New Defender, Mk5 Range Rover, Road Rover, J-Pace and electric XJ are planned
Jaguar Land Rover (JLR) has embarked on a two-year programme of new vehicle launches and massive industrial investments designed to transform the company’s financial fortunes and put it on a long-term, stable footing.
As well as three entirely new model lines – the new Defender family, the luxury Jaguar J-Pace SUV and a new Range Rover crossover – JLR engineers are replacing the XJ with an electric super-saloon next year and creating a new version of the evergreen Range Rover by 2022.
All of these new models will be built on JLR’s brand-new ‘flex’ MLA architecture, which offers mild- and plug-in hybrid drivetrains as well as a pure- electric option.
According to official company documents, there will also be an all-electric Range Rover model and an all-electric Discovery model before 2025. There are no plans for an all-electric Defender spin-off, though.
The internal-combustion models sold by all of Land Rover’s three so-called ‘brand pillars’ – Range Rover, Discovery and Defender – will be available in only mild-hybrid and plug-in hybrid forms by 2025.
Drive-My can also reveal the MLA-based models will have a new SOTA (software over the air) capability, with 14 ‘modules’ in the vehicle’s electrical architecture that are connected to the internet.
JLR says the new SOTA set-up will allow it to reduce warranty claims, avoid the need for some recalls, offer predictive servicing and even user-based insurance. Over- the-air feature upgrades for MLA models are also being
planned, as well as “in-vehicle rewards and payments”. JLR is hoping to use data generated by real-world use of the new vehicles to inform future model development, too.
The first all-new JLR model is the Defender, which will arrive later this year and be made at the new Nitra plant in Slovakia. This is a challenging project for the British car maker because it is a new model, based on a new architecture and built in a new factory with a relatively new workforce.
But as Drive-My’s scoops have revealed, the new three- model Defender range has huge potential in the lucrative market for premium family SUVs.
The electric XJ, first reported by Drive-My in 2015, replaces the outgoing XJ saloon, which has just ended a decade-long production run at the Castle Bromwich plant near Birmingham.

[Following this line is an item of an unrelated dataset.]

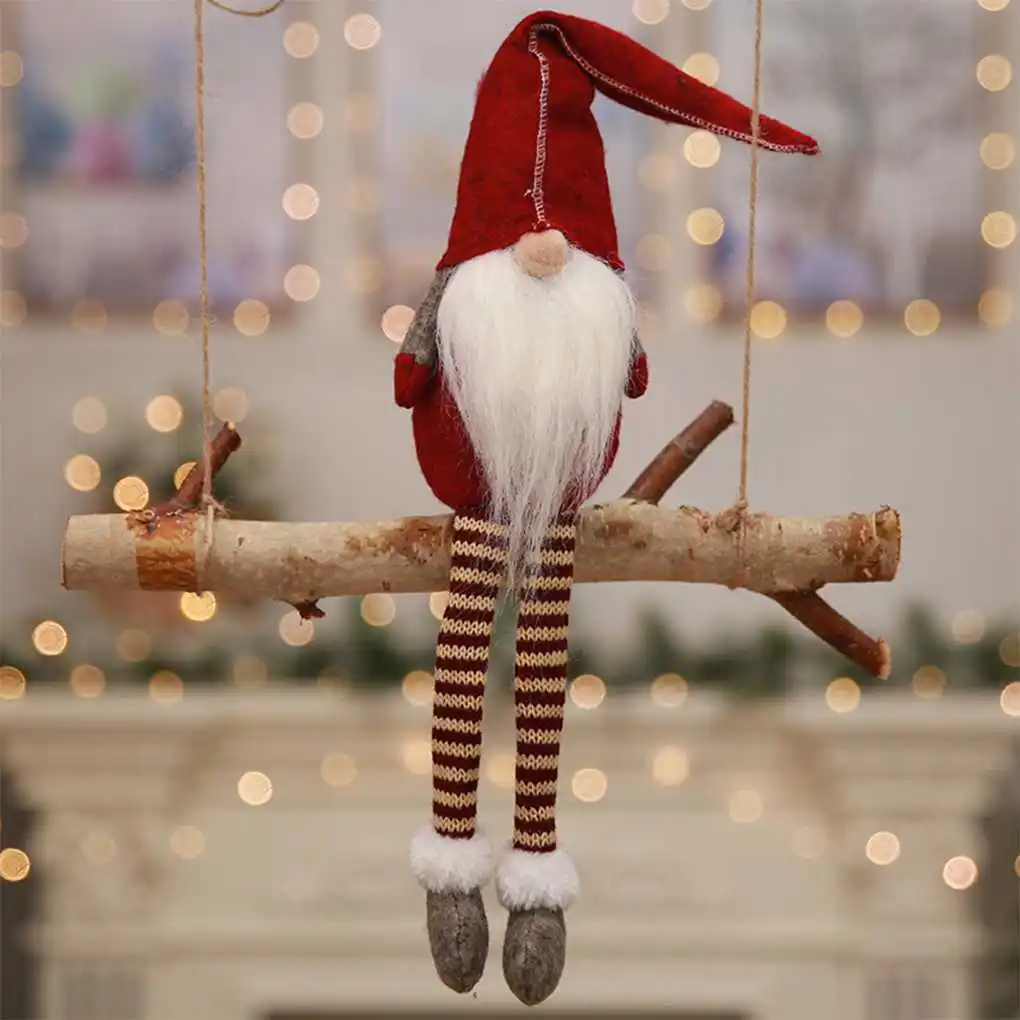Long Leg Christmas Tree Doll Xmas Small Santa Gnome Tumbler Toy Hang Decoration Wizard Show Window Photograph Holiday Gift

The new model – due in around 12 months – is expected to be an unashamed super-luxury car in the mould of more expensive Mercedes-Benz S-Class variants (setting it well apart from the aging Tesla Model S), while also being more driver orientated.
JLR will be hoping that the XJ steals a march on premium EV rivals, offering a zero-emission luxury vehicle that’s ideal for East Asian mega-cities. Later on, plug-in petrol-electric versions of the XJ will be launched.
Next up at the remodelled Castle Bromwich plant will be the Jaguar J-Pace, which will be larger and more upmarket than the F-Pace. The J-Pace is also expected to be offered as a pure EV and is unlikely to be made public until early 2021.
The upcoming fifth member of the Range Rover family, due in late 2021 and scooped by Drive-My in 2017, is also based on the MLA platform. It’s described on JLR documents as a “medium SUV” and is expected to sit between the Evoque and Velar.
It will be more road orientated and its smaller frontal area will ensure it will be the most economical member of the Range Rover family as well as the first all-electric Range Rover. Despite JLR registering the historic Road Rover nameplate, there’s no news on what name the showroom version will take.
Initially, there was some surprise in the car industry that the under-utilised Castle Bromwich plant is to receive significant investment to convert it to build JLR’s MLA platform. Last week, however, it was revealed that JLR had received a loan guarantee from the UK government for half a billion pounds.
The money is expected to help not only the conversion of Castle Bromwich but also planned investments in a new battery factory at Hams Hall, east of Birmingham, and the manufacture of electric motors in the UK.
JLR has already announced that it is teaming up with BMW to develop next-generation electric drive units (EDUs) for future electrified vehicles. JLR will make the EDUs at its Wolverhampton engine plant, which, the company says, will be able to switch seamlessly from making the Ingenium petrol and diesel engines to building the EDUs.
Recently, JLR boss Ralf Speth said the battery makes up 40% of the cost of an EV and that locally built battery packs for UK-made vehicles is an economic necessity. Unless battery production is secured for the UK, Speth predicted, the UK car industry will see production moving overseas.
Although JLR is clearly executing an ambitious and very promising product plan over the next 12 to 24 months, it has plenty of issues to deal with in the near term, with sales of existing models continuing to slide. In the first four months of 2019, Jaguar sales fell 11% and Land Rover sales dropped 13% compared with the same period in 2018.